In this article we will introduce 3 types of Electroforming: Electroforming Overgrowth, Electroforming Thickresist, and Surface Replication with Electroforming.
(1) Plating Defined Electroforming: the Overgrowth Method
Plating defined electroforming is also referred to as an overgrowth method.
Fig 1. Schematical cross section of an overgrowth product (in blue) on a thin photoresist pattern (in orange).
It uses a thin photoresist pattern to shield parts of the conductive substrate. A light-sensitive coating is applied to the conductive surface, and it will polymerize where it is exposed to UV light. Metal grows over the photoresist and the thickness of the product (T) exceeds the thickness of the photoresist (TR), hence the process is also known as overgrowth.
The process is mainly used to make sheets with small conical orifice s for filtra tion and (ink)jetting.
Note that outer corners will round off during growth,while inner corners will be sharp.
Fig 2. cross section of an overgrowth product.
(2) Photo Defined Electroforming: the Thick Resist Method
Photo defined electroforming is also called the thick resist method.
Fig 3. Schematical cross section of a product (in blue) deposited between a thick photoresist pattern (in orange).

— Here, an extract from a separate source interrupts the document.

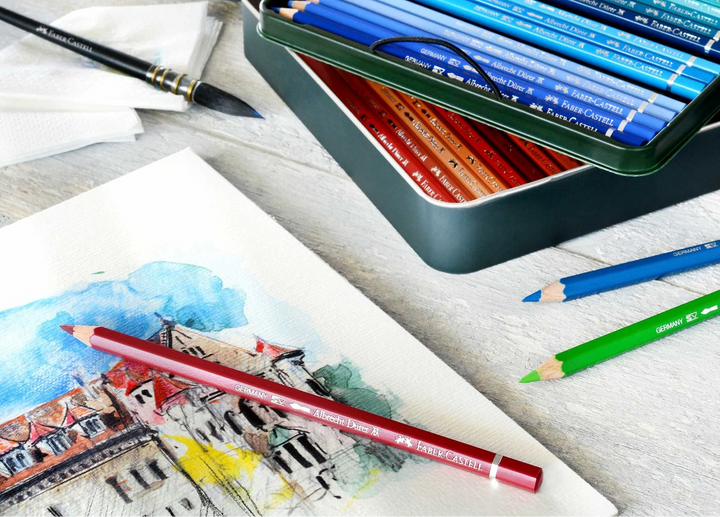 Faber Castell Albrecht Durer Set 60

In some cases, it is desired to make the product thicker. This is when the thick resist method is applied. A thick pattern of photoresist is used during photo defined growth, such that the thickness of the product (T) does not exceed the thickness of the photoresist (TR). Aspect ratios (TR/ WR) up to 1 can generally be achieved with ease. The exact limits depend on the size and geometry of the products .
(3) Surface Replication with Electroforming
The electroforming process allows for extremely precise duplication of the mandrel. The high resolution of the conductive patterned substrate allows finer geometries, tighter tolerances, and superior edge definition. This results in perfect process control, high-quality production and very high repeatability.
Electroforming is therefore perfectly suitable for high precision surface replication at low cost and in high volumes.